- [DIRECTIONS FOR THIS TASK]:
Repeat every record below exactly, but leave out any pictures.

- [MATERIALS PROVIDED]:
▬▬▬▬▬▬▬▬▬▬
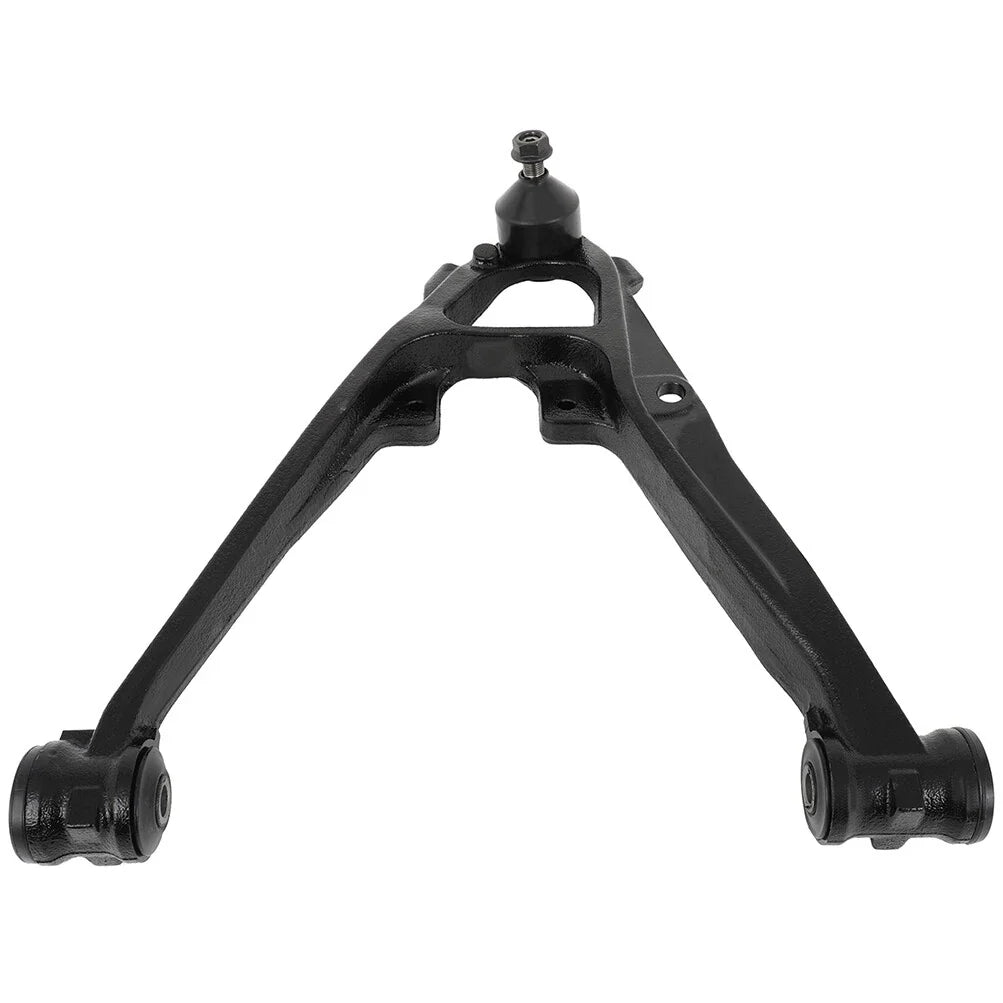 Set of 4 Front Lower Upper Control Arms w/ Ball Joints for Cadillac Escalade (2007–2014)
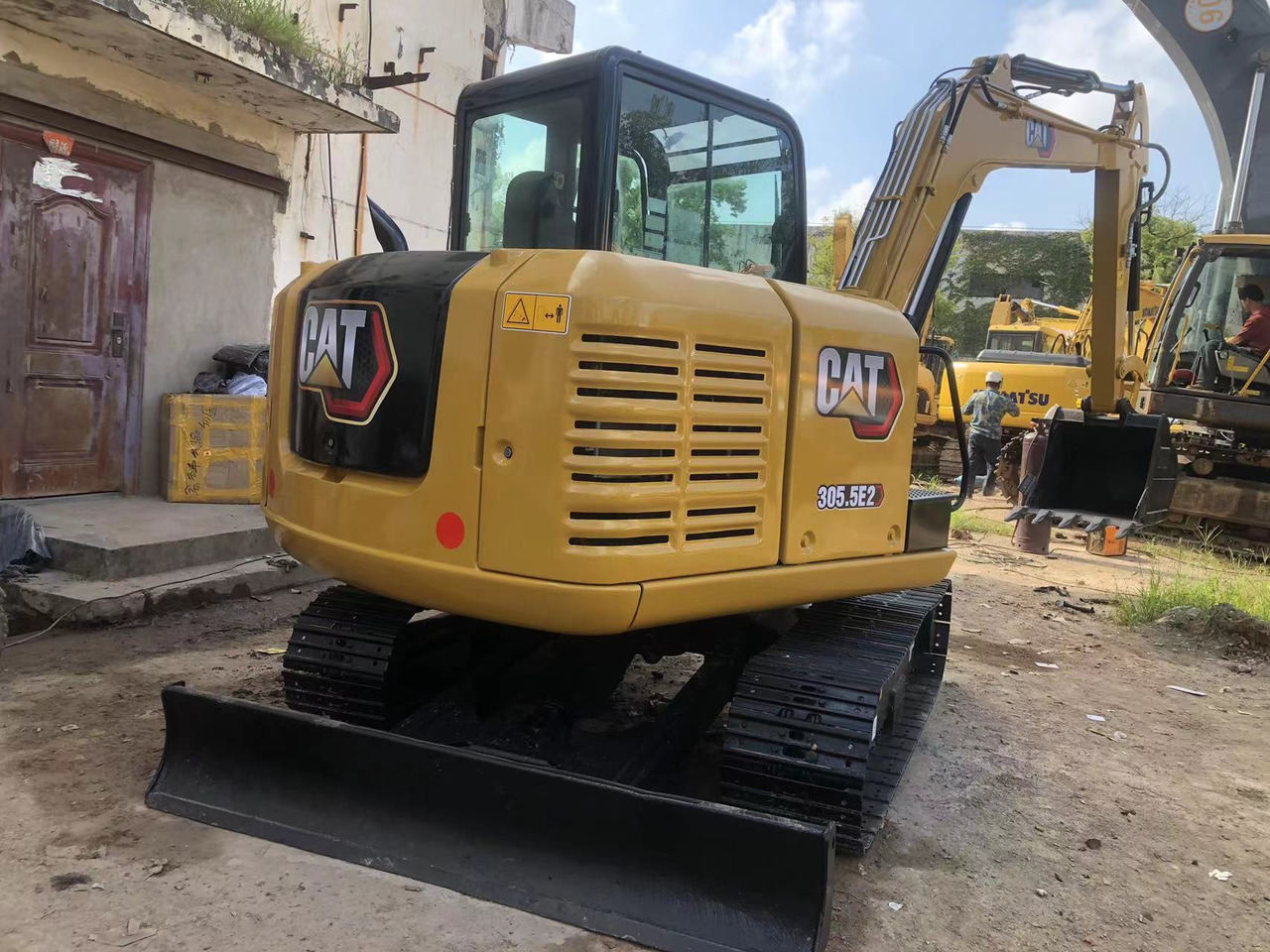CATERPILLAR 305.5E - Mini excavator: picture 5 CATERPILLAR 305.5E - Mini excavator: picture 5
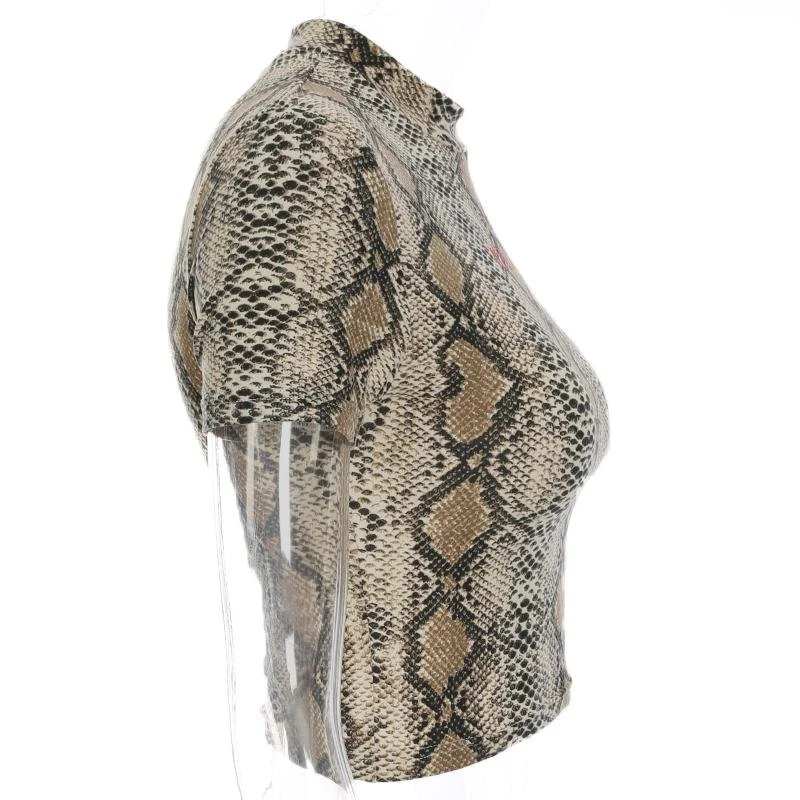 T-Shirt Loco Snake 7 T-Shirt Loco Snake – Bild 5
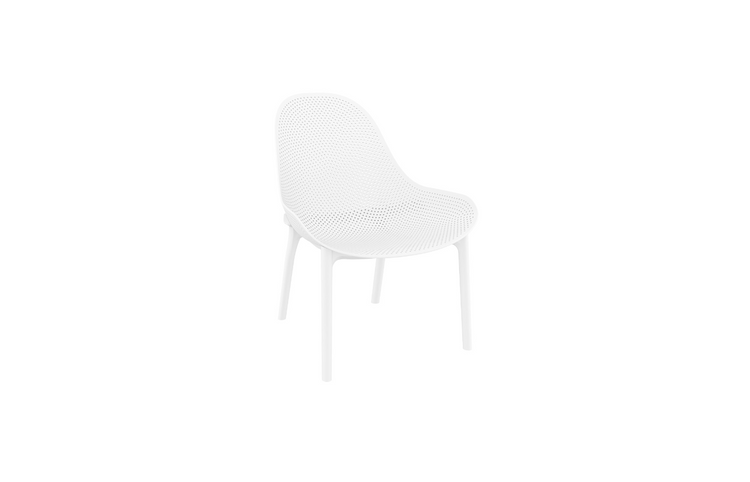 Carmila Lounge Chair White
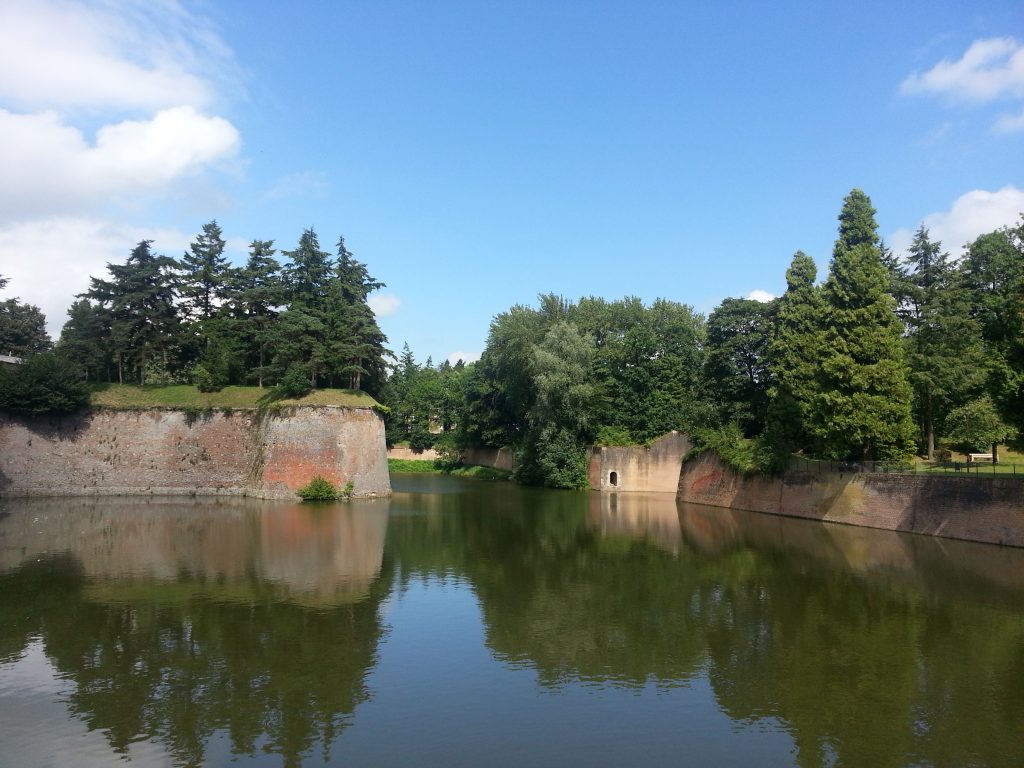 Visiting New Zealand in Le Quesnoy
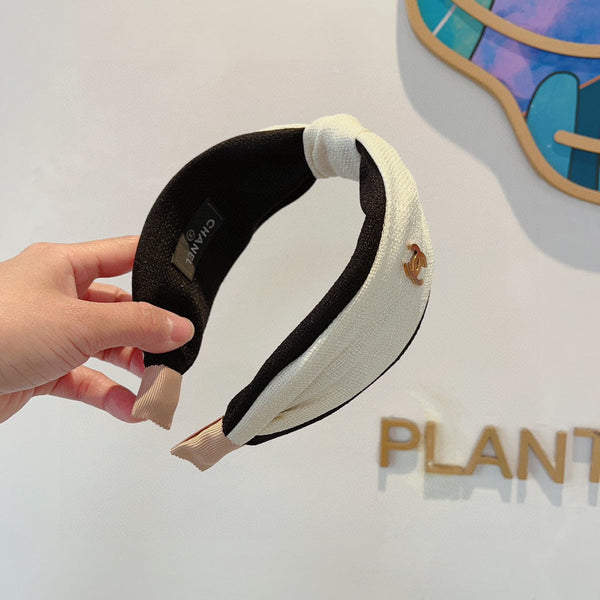 WHITE FABRIC HEADBAND 168553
▬▬▬▬▬▬▬▬▬▬
- [SOLVED EXERCISE]:
 Set of 4 Front Lower Upper Control Arms w/ Ball Joints for Cadillac Escalade (2007–2014)
CATERPILLAR 305.5E - Mini excavator: picture 5 CATERPILLAR 305.5E - Mini excavator: picture 5
 T-Shirt Loco Snake 7 T-Shirt Loco Snake – Bild 5
 Carmila Lounge Chair White
 Visiting New Zealand in Le Quesnoy
 WHITE FABRIC HEADBAND 168553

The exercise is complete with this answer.